Valuation: EV/Sales ~11–12×, EV/EBITDA >100×. Analysts’ PT range: $267–335.
Investment View: Explosive revenue growth, but very U.S.-DoD dependent (~90%). Rich valuation means execution must be near-perfect. Volatile.
Position: High-beta speculative growth.
DroneShield (DRO.AX / DRSHF)
Market Cap: ~$2.6–2.9B
Financials: H1’25 revenue A$72.3M (+210% YoY); early 2H’25 already A$42.1M. Still EBITDA-negative.
Segments: Counter-UAS rifles (DroneGun), 360° detect/defeat systems (DroneSentry), AI-enabled wearable detection.
Valuation: EV/Sales ~24.5×. No EBITDA yet.
Investment View: Pure-play counter-drone. Government contracts growing fast, but profitability still distant. Valuation reflects flawless execution.
Position: Speculative option. Suitable for small sizing only.
Sector & Customer Concentration
U.S.-centric: L3Harris, AeroVironment (~80–90% DoD exposure).
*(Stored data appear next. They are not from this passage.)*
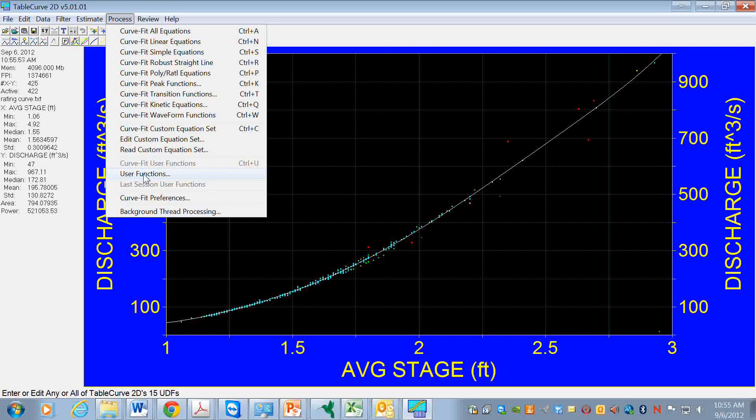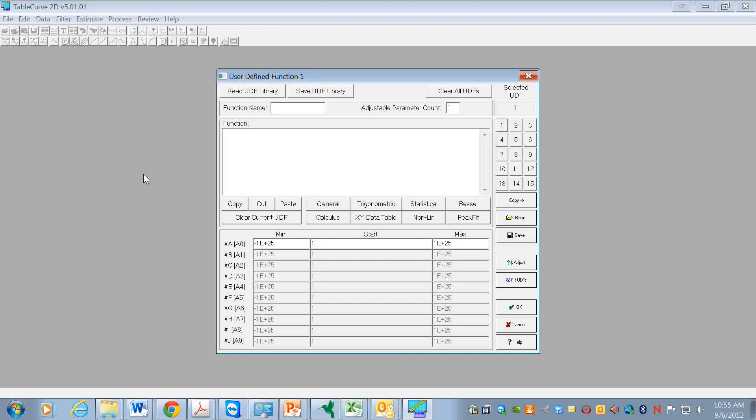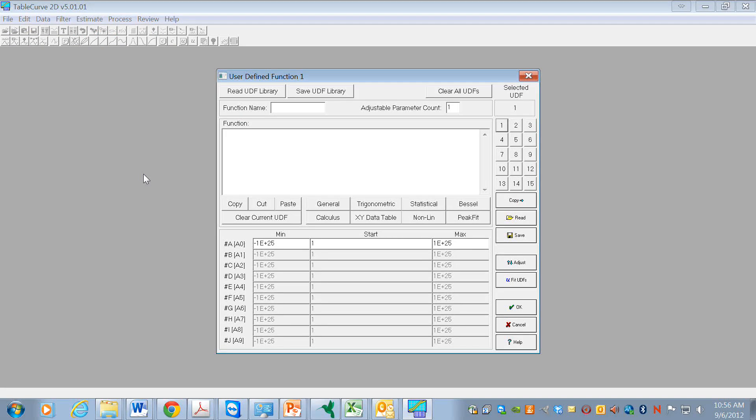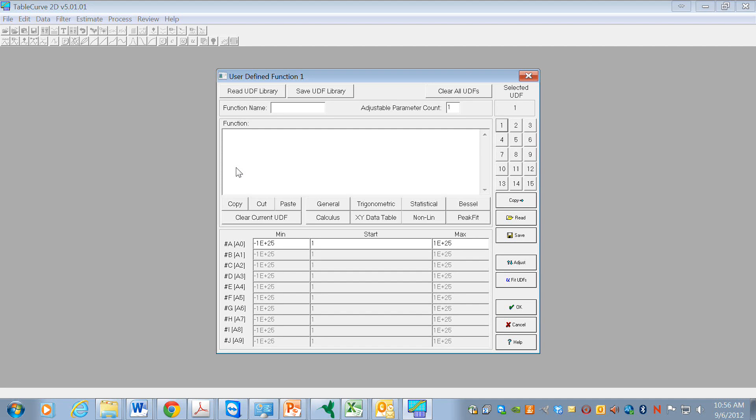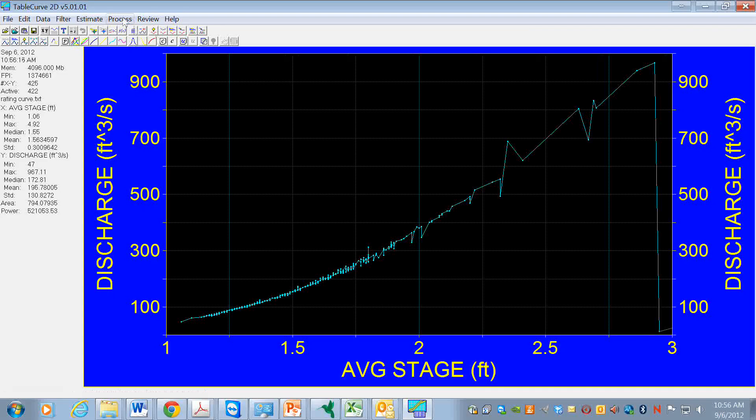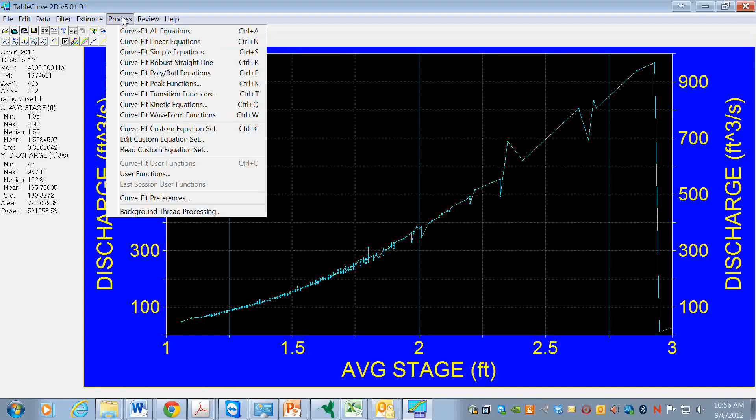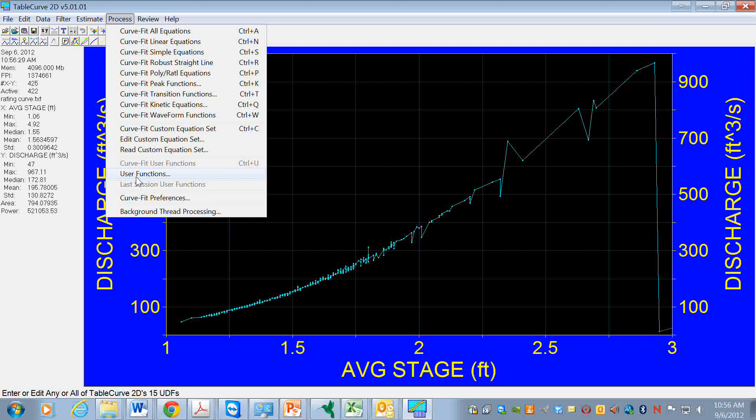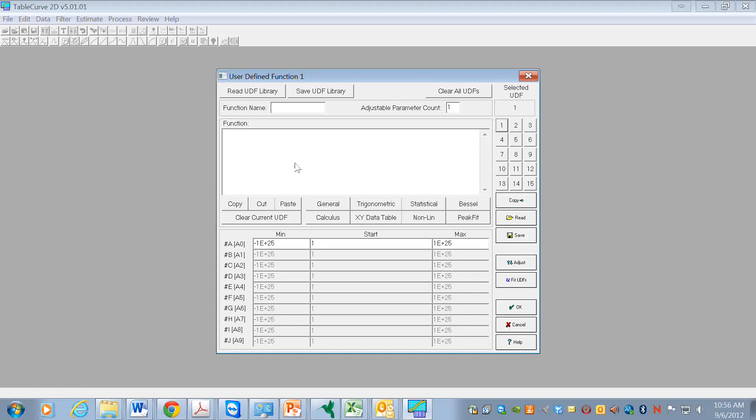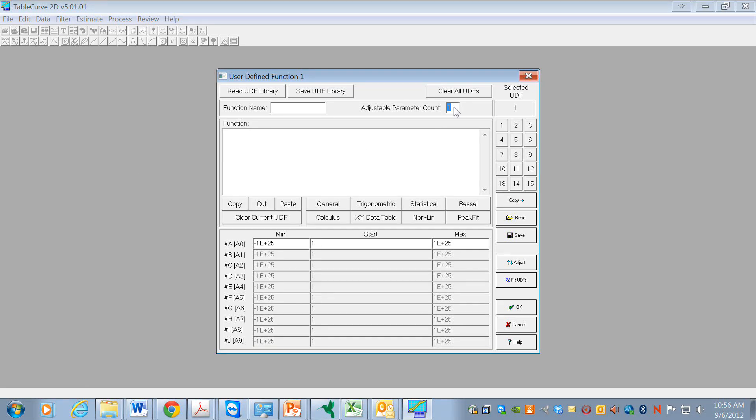It's a simple power function with a constant added to it. So what I need to do then is enter that function in as a user defined function. What I did was to go here to process, go down to user defined function, and I'm going to put in a function that has three parameters.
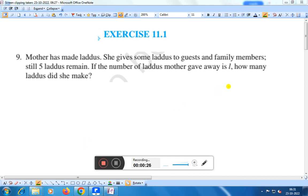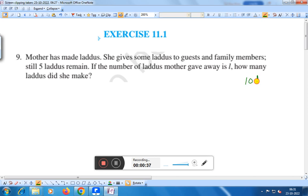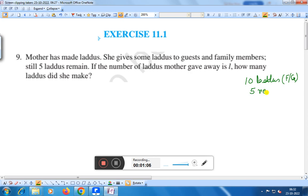Here we are taking an example. Suppose the number of laddus mother gave away is 10. So 10 laddus mother gave away to family and guests. The remaining laddus is 5. What is the total laddus? That is 10 plus 5 is 15. So 15 laddus total.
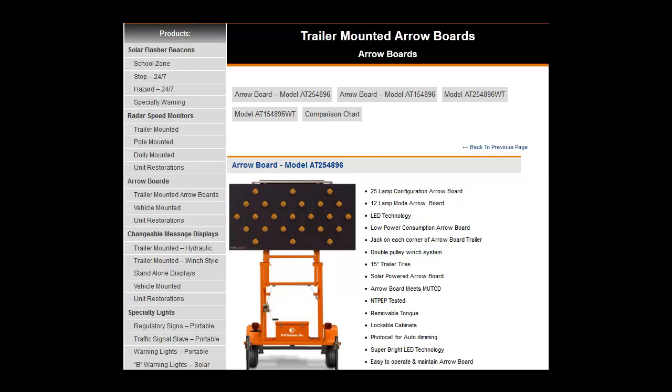Aero boards help to control traffic flow and direct traffic. They are ideal for DOTs, construction, military, cities, and counties.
Europe-diversified: Hensoldt (Germany/EU) and Kongsberg (broader NATO + maritime).
Hybrid: DroneShield (Australia + U.S. agencies).
War exposure (Ukraine, Eastern Europe) disproportionately benefits AVAV and LHX, while HAG and KOG get steadier multi-country procurement flows.
Investment Positioning
Core Portfolio Anchor: L3Harris (LHX)
European Growth Leverage: Hensoldt (HAG.DE)
Balanced European Stability: Kongsberg (KOG.OL)
High-Beta Growth: AeroVironment (AVAV)
Speculative Optionality: DroneShield (DRO.AX / DRSHF)
Bottom Line
Defense technology is no longer a backwater of cyclical budgets. NATO’s spending mandate ensures sustained demand for drones, sensors, missiles, and counter-UAS. The opportunity is not whether to invest but how to size exposure:
Anchor with cash flow-rich primes like LHX
Diversify into European sensor and missile leaders like HAG.DE and KOG.OL
Add measured allocations to high-beta disruptors AVAV and DRO for optionality
The 2025–2035 decade will belong to defense innovators. Investors who structure exposure now will be positioned for compounding upside through NATO’s reset.
This content is for informational purposes only and not investment advice.